Possible topics have been grouped by four categories, namely, the IMF's main types of activities and IMF organization. However, some evaluations would cut across several categories. Several of the suggested topics cover overlapping ground and, therefore, could be viewed as alternatives. This list does not attempt to make any judgment on the most suitable timing of possible projects.

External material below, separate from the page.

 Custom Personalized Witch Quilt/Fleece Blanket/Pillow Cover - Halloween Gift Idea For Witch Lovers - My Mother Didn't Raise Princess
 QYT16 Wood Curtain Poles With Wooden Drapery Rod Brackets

Some topics may be strong candidates for eventual evaluation but would be best taken up in several years time after further experience has been gained with ongoing internal initiatives or when relevant country experience would be available for evaluation.
· Modalities and effectiveness of bilateral surveillance in large industrial countries.

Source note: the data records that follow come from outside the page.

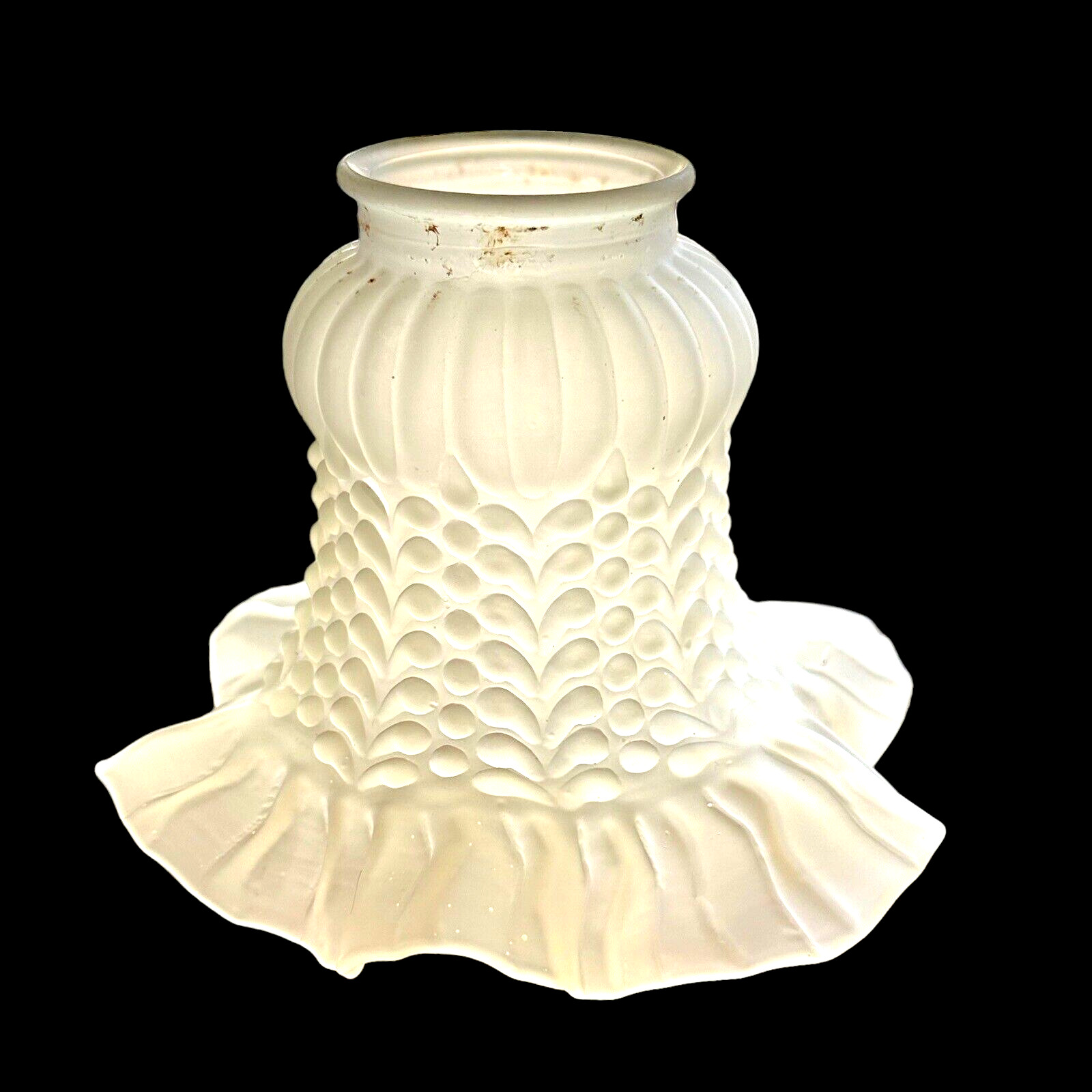Vtg Tulip Lamp Shade Frosted Glass Ruffle Edge White 2.25\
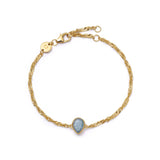 Daisy London | Aquamarine March Birthstone Bracelet - Gold plate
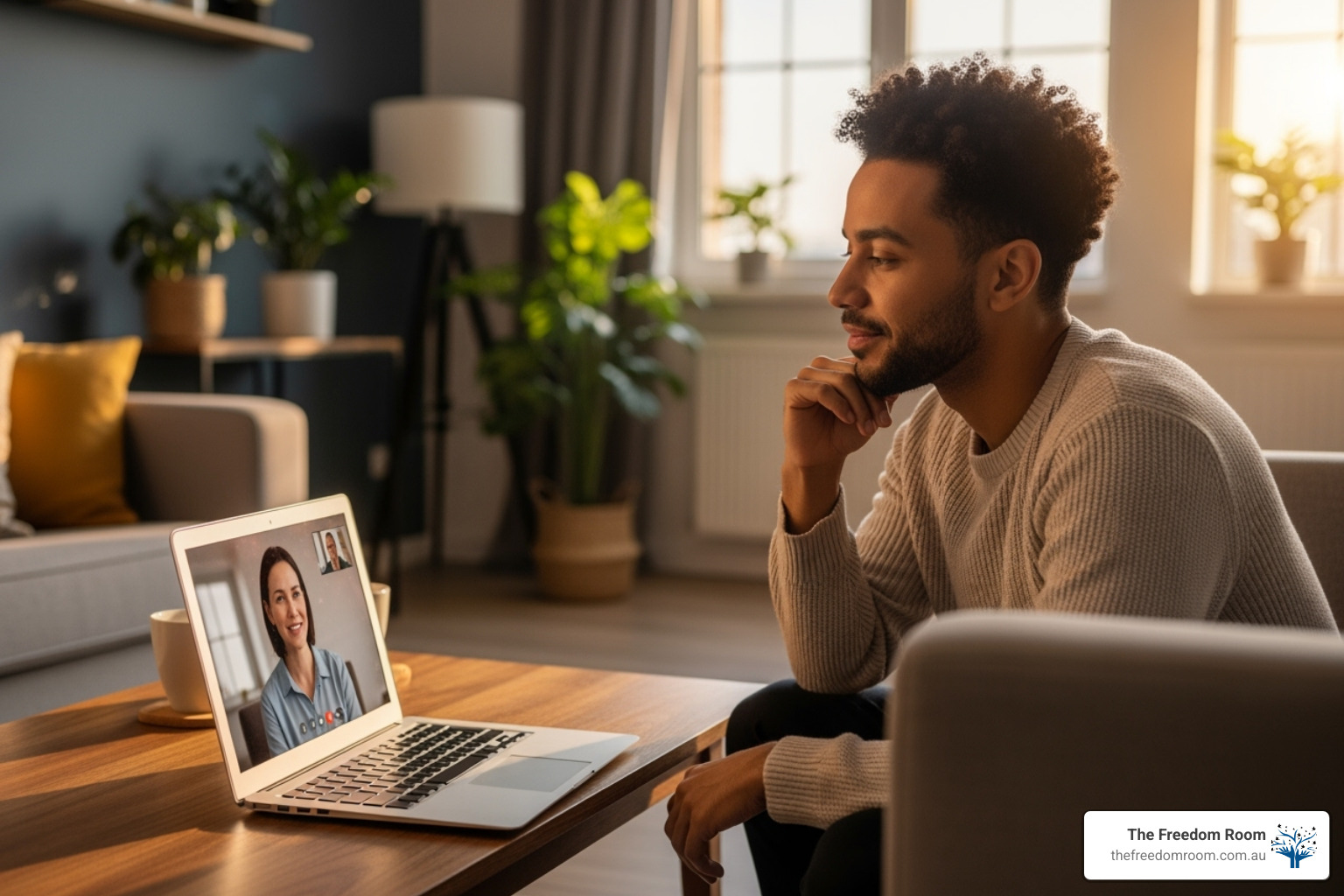 Man in a sweater on a couch engaged in a telehealth or online group counselling session via a laptop video call in a bright, modern room - Cognitive behavioural therapy alcohol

· The IMF's advice on exchange rate policy.
· Approaches to crisis prevention (or a project that focuses on assessing IMF approaches to debt sustainability).

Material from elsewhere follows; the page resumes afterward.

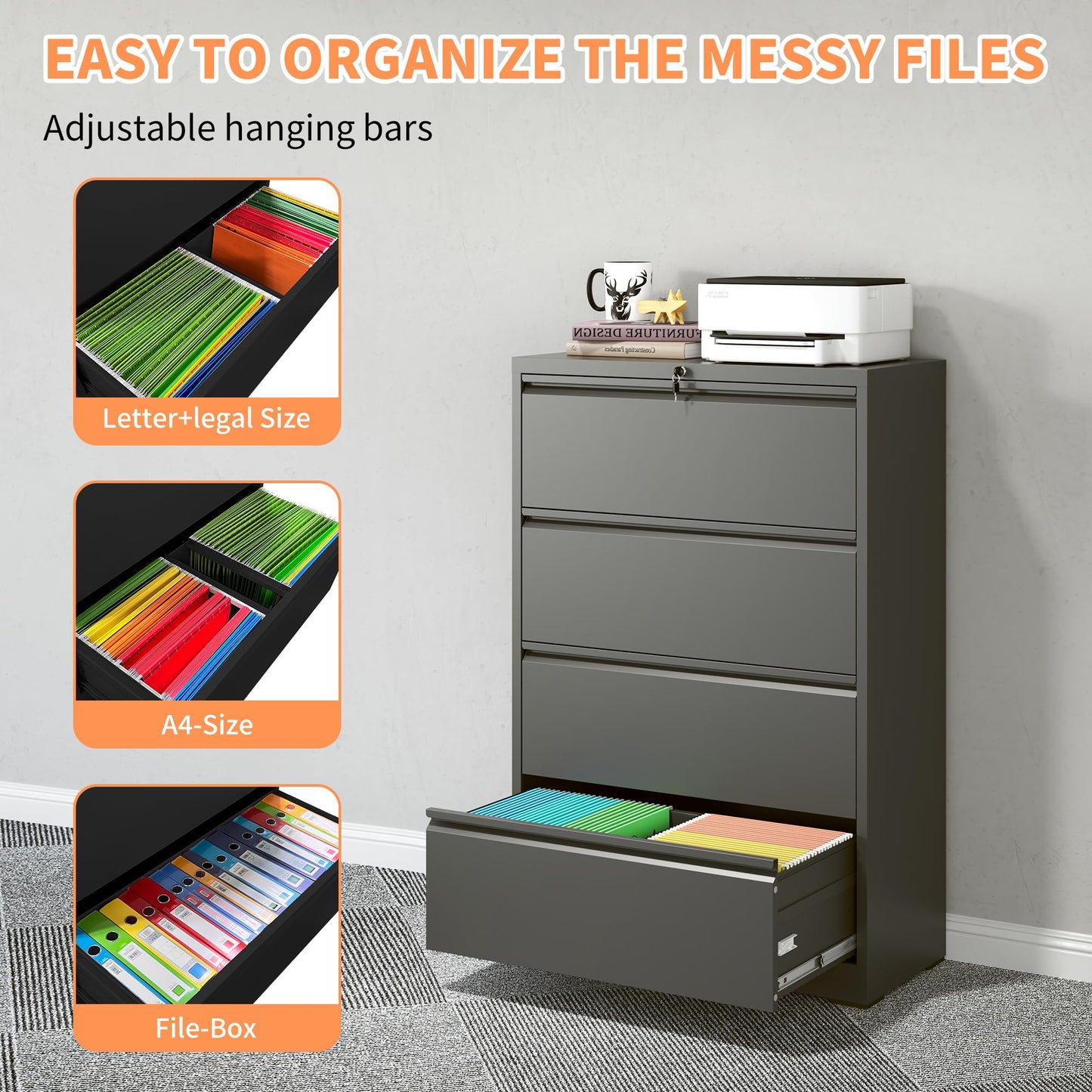KEIKI 4 Drawer Lateral File Cabinet with Lock – Tall Heavy-Duty Metal Filing Cabinet, Space-Saving Wide Storage for Letter/Legal/A4/F4, Quiet Full-Extension Slides for Home Office, Black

· The IMF's role in the dissemination and assessment of various standards and codes. (The Fund's role concerning standards and codes in the financial sector is already being addressed in the ongoing FSAP evaluation. A subsequent evaluation could cover all other Reports on Standards and Codes (ROSCs) in the Fund's areas of primary responsibility or could focus on specific areas such as the effectiveness of the Fund's role in promoting enhanced Data Dissemination Standards, fiscal transparency etc.).
· The Fund's approach to governance issues.
IMF financing instruments and program activities
· The IMF's role in countries emerging from conflict.
· The IMF's role in African countries, based on a small number of case studies. (This evaluation could either review all aspects of the Fund's role in selected African countries or could focus on more specific issues, such as post-HIPC completion cases or aspects of program design).
· The role of the IMF in debt restructuring.
· Single country cases with important learning potential, including:
- A low-income transition economy.
· IMF External training activities.
· World Bank-IMF collaboration. (Various approaches to such an evaluation are possible. For example, it may be useful to focus on assessing the modalities and effectiveness of collaboration in specific areas.)
· Effectiveness of internal assessment and self-evaluation processes (or a broader review of IMF approaches to "knowledge management," including in addition how well the IMF provides relevant cross-country experience to its members).
· A number of commentators have suggested that the IEO might also address various internal organizational issues, with more or less direct bearing on the Fund's governance. Topics suggested include the issue of the diversity of the Fund staff, the role of resident representatives, or the effectiveness of integration between various Fund departments. However, some of these topics might take the IEO into areas that risk interfering in the management of the institution, which is against the IEO terms of reference, or are beyond the IEO's comparative advantage.1 Some of these issues, including various aspects of the Fund's decision-making processes and governance, are likely to emerge in the context of other evaluations. In any event, issues involving the range of potential topics for evaluation could be revisited at the time the IEO itself is evaluated, which is expected to be toward the end of 2005.
The final list of topics will be determined on the basis of consultations with various stakeholders and taking account of the IEO's assessment of the potential benefits of each project for the institution, in light of the criteria indicated earlier. It is expected that the final list will be posted on the website in the first half of 2005.
1 For an interesting earlier discussion on the possible division of labor between an independent evaluation office and internal assessment units such as the Office of Inspection and Audit (OIA), which conducts a variety of managerial reviews, see Making the IMF's Independent Evaluation Office Operational, prepared by the Evaluation Group of Executive Directors, August 7, 2000 (www.imf.org/external/np/eval/evo/2000/Eng/evo.htm).